= ACTIVITY =
Once you reach the line holding "Renault Kerax 370 - מזהיר: תמונה 2 Renault", write out that line and every later one exactly, ending with the last line of the data; write nothing else.

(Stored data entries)

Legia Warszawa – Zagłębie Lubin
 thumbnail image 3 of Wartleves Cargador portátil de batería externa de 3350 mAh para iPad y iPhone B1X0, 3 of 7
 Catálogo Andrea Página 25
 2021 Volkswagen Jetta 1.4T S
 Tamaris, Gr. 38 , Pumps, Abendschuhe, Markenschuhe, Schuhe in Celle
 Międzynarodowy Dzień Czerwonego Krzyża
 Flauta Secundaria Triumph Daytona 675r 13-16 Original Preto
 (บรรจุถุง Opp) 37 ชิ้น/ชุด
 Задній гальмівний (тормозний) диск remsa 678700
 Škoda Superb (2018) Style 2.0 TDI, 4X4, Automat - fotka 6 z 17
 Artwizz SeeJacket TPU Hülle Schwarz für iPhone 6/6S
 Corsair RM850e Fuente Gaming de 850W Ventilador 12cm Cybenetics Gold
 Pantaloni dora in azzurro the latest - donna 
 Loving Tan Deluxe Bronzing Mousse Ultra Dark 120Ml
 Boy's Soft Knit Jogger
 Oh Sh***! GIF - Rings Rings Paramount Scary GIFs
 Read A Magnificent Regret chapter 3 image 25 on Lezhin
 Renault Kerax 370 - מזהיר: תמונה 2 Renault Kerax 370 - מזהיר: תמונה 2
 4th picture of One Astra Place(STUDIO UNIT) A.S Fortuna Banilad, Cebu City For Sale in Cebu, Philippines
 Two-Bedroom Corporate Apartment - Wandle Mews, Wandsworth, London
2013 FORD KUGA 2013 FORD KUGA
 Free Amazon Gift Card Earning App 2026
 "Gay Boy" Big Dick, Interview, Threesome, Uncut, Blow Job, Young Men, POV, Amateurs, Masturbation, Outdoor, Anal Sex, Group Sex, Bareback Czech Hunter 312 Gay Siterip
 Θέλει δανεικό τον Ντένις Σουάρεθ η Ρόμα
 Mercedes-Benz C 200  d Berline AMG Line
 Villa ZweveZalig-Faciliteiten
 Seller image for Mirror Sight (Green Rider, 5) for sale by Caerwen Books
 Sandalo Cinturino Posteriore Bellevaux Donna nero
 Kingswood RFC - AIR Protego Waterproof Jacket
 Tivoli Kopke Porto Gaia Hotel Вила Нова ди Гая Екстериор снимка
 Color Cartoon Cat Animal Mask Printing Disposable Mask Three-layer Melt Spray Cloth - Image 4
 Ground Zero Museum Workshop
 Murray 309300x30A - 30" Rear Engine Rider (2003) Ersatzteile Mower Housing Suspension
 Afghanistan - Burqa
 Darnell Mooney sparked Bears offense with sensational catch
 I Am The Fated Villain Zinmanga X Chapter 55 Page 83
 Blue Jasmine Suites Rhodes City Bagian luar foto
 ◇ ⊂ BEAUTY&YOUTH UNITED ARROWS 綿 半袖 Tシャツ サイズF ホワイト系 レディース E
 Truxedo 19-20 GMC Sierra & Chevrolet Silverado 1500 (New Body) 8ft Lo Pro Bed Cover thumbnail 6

= ANSWER SPACE =
 Renault Kerax 370 - מזהיר: תמונה 2 Renault Kerax 370 - מזהיר: תמונה 2
 4th picture of One Astra Place(STUDIO UNIT) A.S Fortuna Banilad, Cebu City For Sale in Cebu, Philippines
 Two-Bedroom Corporate Apartment - Wandle Mews, Wandsworth, London
2013 FORD KUGA 2013 FORD KUGA
 Free Amazon Gift Card Earning App 2026
 "Gay Boy" Big Dick, Interview, Threesome, Uncut, Blow Job, Young Men, POV, Amateurs, Masturbation, Outdoor, Anal Sex, Group Sex, Bareback Czech Hunter 312 Gay Siterip
 Θέλει δανεικό τον Ντένις Σουάρεθ η Ρόμα
 Mercedes-Benz C 200  d Berline AMG Line
 Villa ZweveZalig-Faciliteiten
 Seller image for Mirror Sight (Green Rider, 5) for sale by Caerwen Books
 Sandalo Cinturino Posteriore Bellevaux Donna nero
 Kingswood RFC - AIR Protego Waterproof Jacket
 Tivoli Kopke Porto Gaia Hotel Вила Нова ди Гая Екстериор снимка
 Color Cartoon Cat Animal Mask Printing Disposable Mask Three-layer Melt Spray Cloth - Image 4
 Ground Zero Museum Workshop
 Murray 309300x30A - 30" Rear Engine Rider (2003) Ersatzteile Mower Housing Suspension
 Afghanistan - Burqa
 Darnell Mooney sparked Bears offense with sensational catch
 I Am The Fated Villain Zinmanga X Chapter 55 Page 83
 Blue Jasmine Suites Rhodes City Bagian luar foto
 ◇ ⊂ BEAUTY&YOUTH UNITED ARROWS 綿 半袖 Tシャツ サイズF ホワイト系 レディース E
 Truxedo 19-20 GMC Sierra & Chevrolet Silverado 1500 (New Body) 8ft Lo Pro Bed Cover thumbnail 6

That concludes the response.